A COVID-era parklet being dismantled on Burlingame Avenue. Parklets built on car-accessible streets face strict structural standards for vehicle impact. When the cars come back, the parklets go. Allowing cars on a street has compounding costs.
The city creates the space. The city can also take it away.
The merchants who understand this are the ones who have the most to gain from locking in the closure before the next administration reconsiders it.
What You Can Actually Do
Show up and buy something.
The most basic contribution is also the most important.
Consistent customer volume is what keeps vendors renewing.
If you go once and the tomatoes are good, go again.
Make it a Saturday habit.
Bring someone who’s never been.
Farmers markets spread by word of mouth more than advertising.
A new customer who has a good first experience becomes a regular.
Spend time, not just money.
Linger.
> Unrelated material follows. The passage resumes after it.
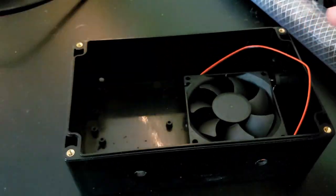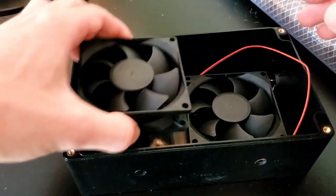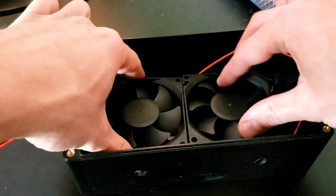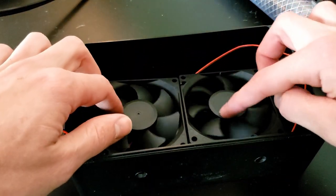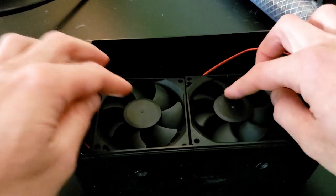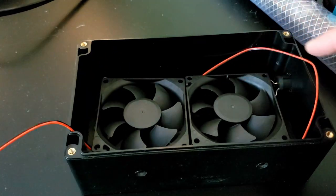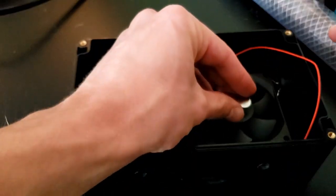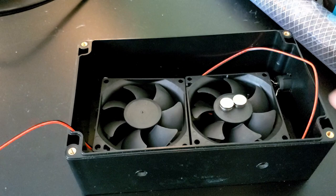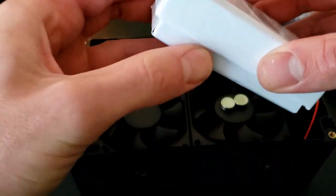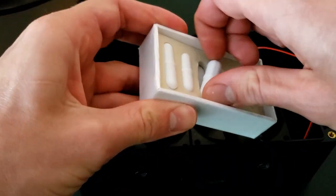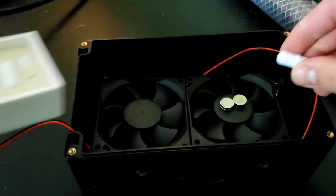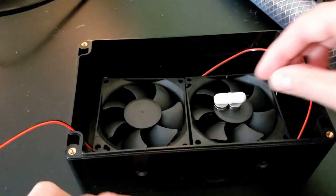So we're going to have one fan there, one fan there, and the idea is that these fans spin because they're fans, and we're going to have magnets on top of them, and then those magnets will spin these cute little stir bars.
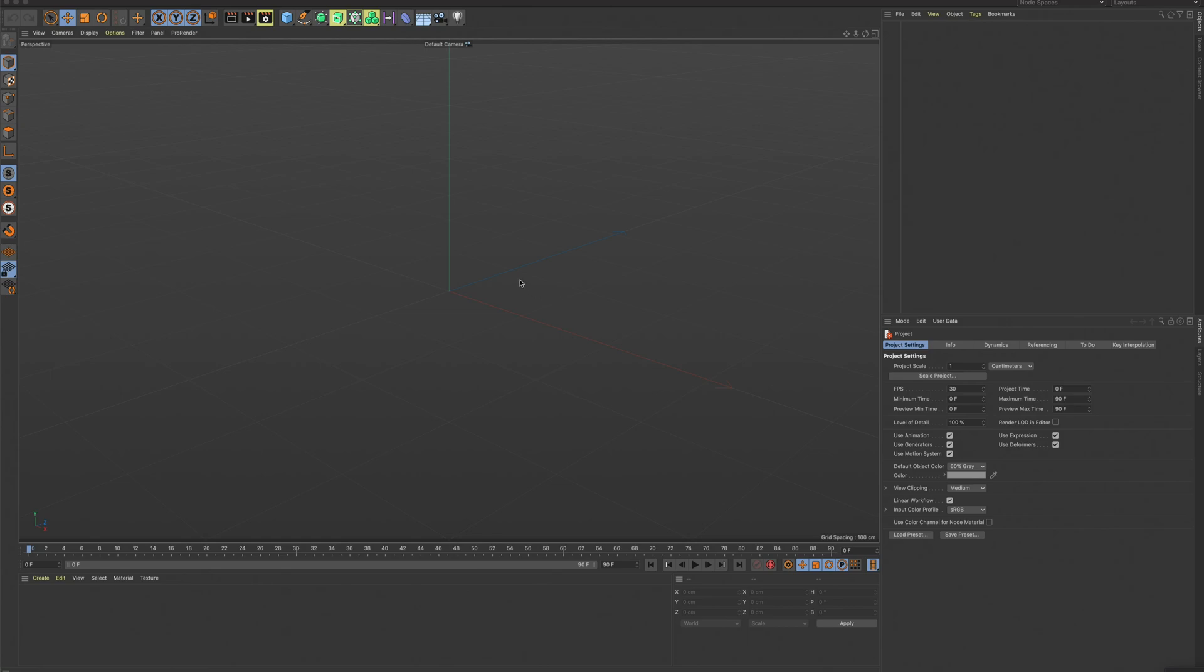Alright, so this video, I'm going to go over just the basics of Cinema 4D, going to just the move tool, rotate tool, scale tool, get to know some of the interface, and then I'll move on to different videos from here.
Sit down if there’s somewhere to sit. Talk to a vendor.
The case for converting a temporary closure into something permanent is built on foot traffic counts and dwell time.
Every extra minute on that block is a data point.
Put furniture on it.
The city creates the space but doesn’t always furnish it.
A group I’m part of called B Street Boosters fundraised for three picnic tables and placed them on the empty pedestrianized block while the city moved slowly:
All three occupied the first time I walked by.
The city had created the space but hadn’t furnished it, so a small group of us raised money for picnic tables and put them there.
That’s the level of intervention that can move a street from empty to used.
Volunteer.
Most markets are understaffed. Setup, breakdown, staffing the information table.
This is what keeps management from burning out, which is one of the main reasons markets fail.
Help recruit vendors.
Know someone who makes jam, grows vegetables, does woodworking?
They can’t say yes if they are never asked!
Take on a bigger role.
If your market is fragile then someone needs to own it.
That might mean joining the organizing committee, taking over social media, or being the person who recruits new vendors each season.
Markets don’t grow by themselves.
B Street before the mural. The street was already worth being on.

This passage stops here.